So if we were created with the ability to be God’s hands and love towards others it makes sense that Satan would much rather we focus on ourselves.  God made us women to serve others, but Satan has robbed us of the joy and peace and beauty that God built into this purpose by convincing us we must also ensure that our needs are met.

I can write a long list of things I should have that I don’t.  I could give that list to any christian woman and I bet they would agree with it and tell me I needed to “fill my emotional tank.”  I even saw an awesome movie recently that told moms they needed to put on their own oxygen masks first, but I have to stop and think- what is there on that list that can fill me?

Can girl time make me stop feeling like no one cares?  Could a run or an adequate wardrobe make me feel beautiful?  Could a romantic date with my husband make me not care when my kids won’t listen?  I think I could get every good thing a girl could have and still be miserable.  I think my list is just an excuse to not fight the battle in my mind.

God calls all humanity to joy.  Philipians 4:4 “Rejoice in the Lord ALWAYS, and again I say rejoice.”  And the gospel- Christ dieing so my stupidity isn’t my definition- is reason enough to rejoice.  Psalm 118:29 says “Give thanks to the Lord, He is good; For his lovingkindness is everlasting.” Psalm 118 says God has opened the gates of righteousness and thanks to God we can go through them.  God has saved us.  Not only has God removed every mistake you’ve ever made- and for me that is the only way I can hold my head up- but He has taken charge of the future and will spin it to your advantage.  Finally, He has crafted this very minute to give you a taste of Himself.  All that means freedom from guilt, from fear, from stress, from all my excuses for misery.

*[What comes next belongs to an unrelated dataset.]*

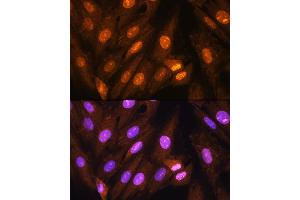Immunofluorescence analysis of H9C2 cells using PP1 beta Rabbit pAb (ABIN6128486, ABIN6146055, ABIN6146057 and ABIN6217560) at dilution of 1:100. (PPP1CB antibody  (AA 1-327))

As women, Satan knows He can block us from this joy if he can just get us to focus on ourselves.  Our emotions make his job easy.  The Bible says to take every thought captive, and I think that also means every feeling.  Daily I am overwhelmed by my feelings, but God is calling me to contentment- to spending my energy on the purpose He has given me rather than my feelings.  To trusting that He will meet my needs and I need only to live the life He unfolds before me.  To call on Him in my stress and act on the answers He gives me.  God made me for a beautiful job, and He is waiting to train to me to perfect joy in it, if I will choose to be ruled by the gospel instead of my feelings.   So, I am making a commitment to contentment- to say “This is the day the Lord has made, I will rejoice and be glad in it- no excuses.”

(Psalm 118:24)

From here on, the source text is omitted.